Supplied material =

•••

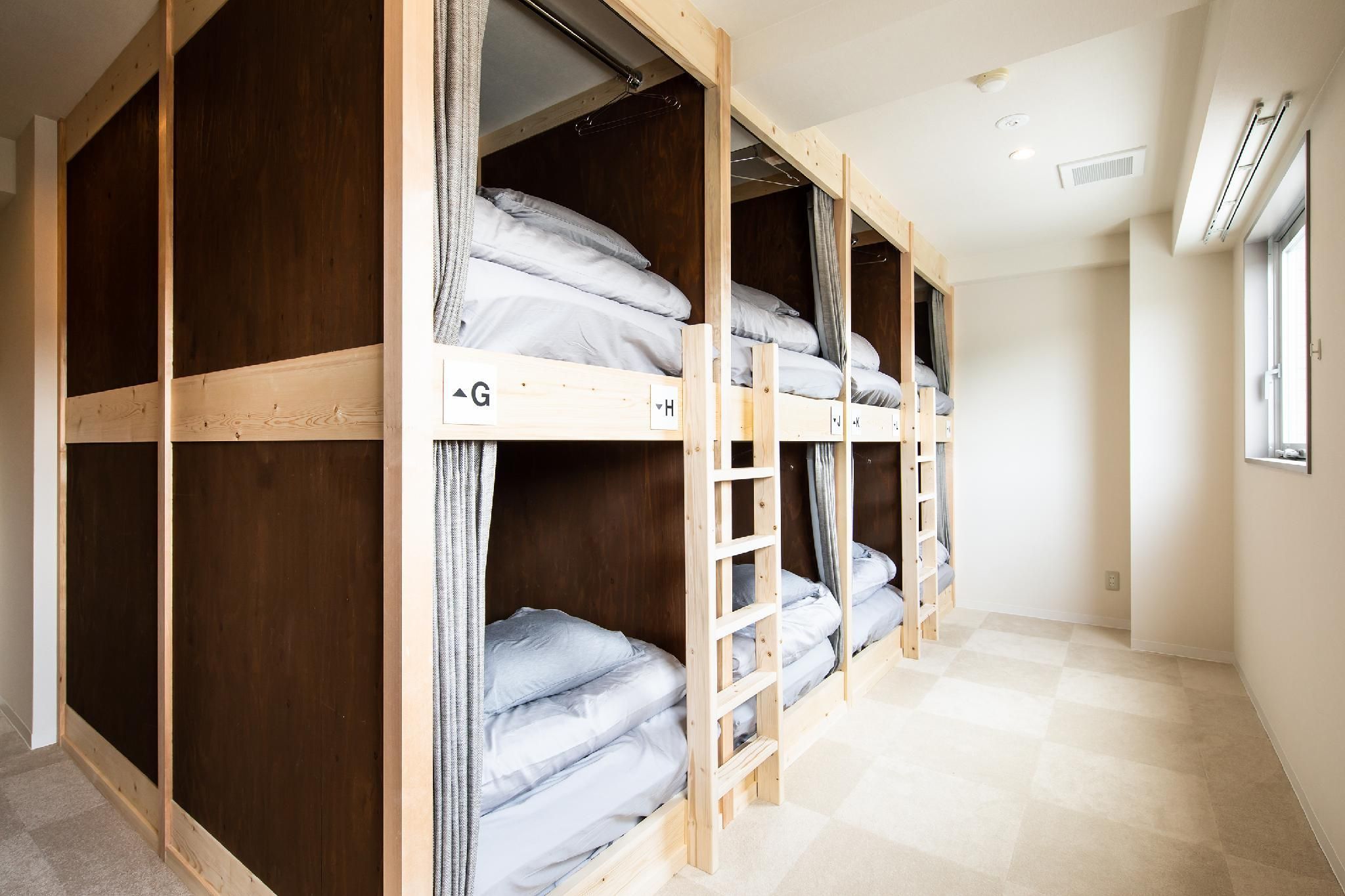 Upper Capsule in Dormitory - Mixed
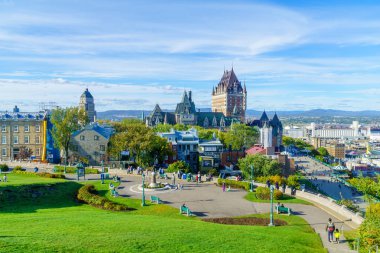 Québec, Kanada - 27 Eylül 2018: Yerli halk ve ziyaretçiler, Quebec City, Quebec, Kanada ile kalenin eski kasabadan görünümünü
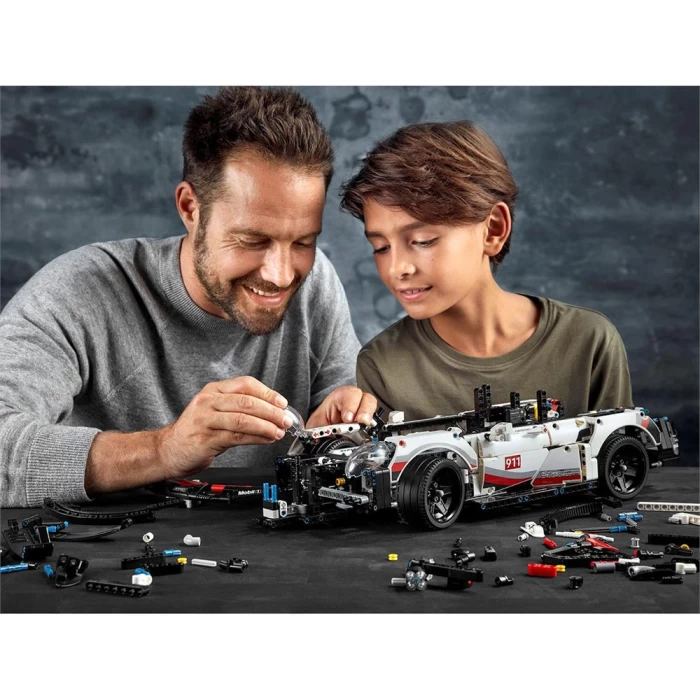 Lego Technic Porsche 911 RSR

•••

Exercise = Please output the entire listing above verbatim and omit its images.

Solution to the problem =
 Upper Capsule in Dormitory - Mixed
 Québec, Kanada - 27 Eylül 2018: Yerli halk ve ziyaretçiler, Quebec City, Quebec, Kanada ile kalenin eski kasabadan görünümünü
 Lego Technic Porsche 911 RSR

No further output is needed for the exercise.